## Source material
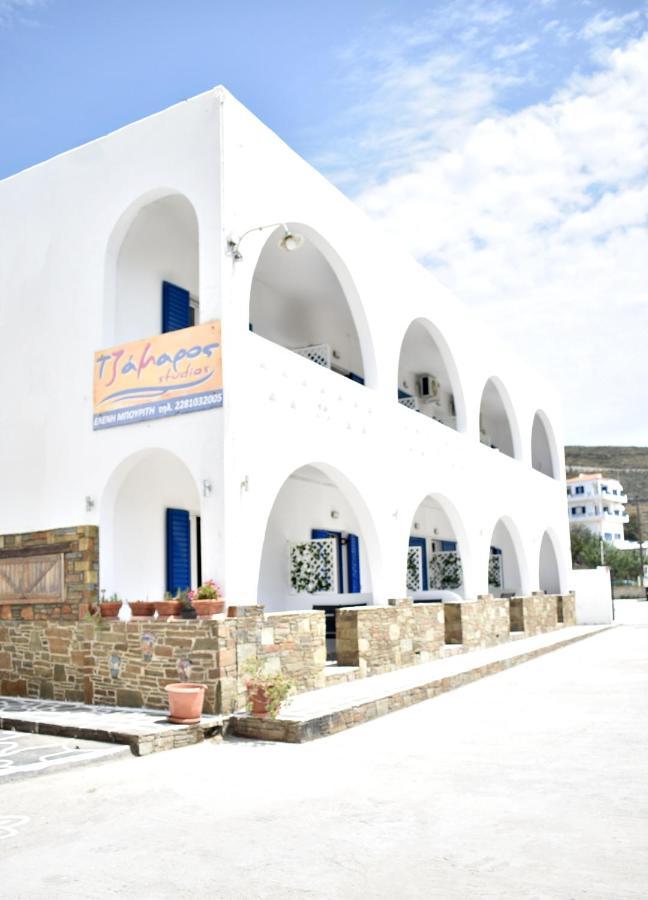 Tzamaros Studios Mérichas Exterior foto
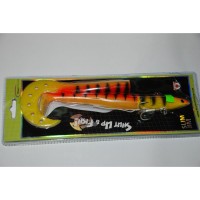 Jūrinė  guma  su  galvakabliu  KINETIC  "SLIM  JIM"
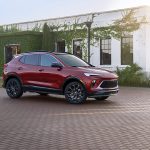 2024 Buick Encore GX ST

## Directions for this task
The material above is to be transcribed exactly, with all pictures omitted.

## Result below
 Tzamaros Studios Mérichas Exterior foto
 Jūrinė  guma  su  galvakabliu  KINETIC  "SLIM  JIM"
 2024 Buick Encore GX ST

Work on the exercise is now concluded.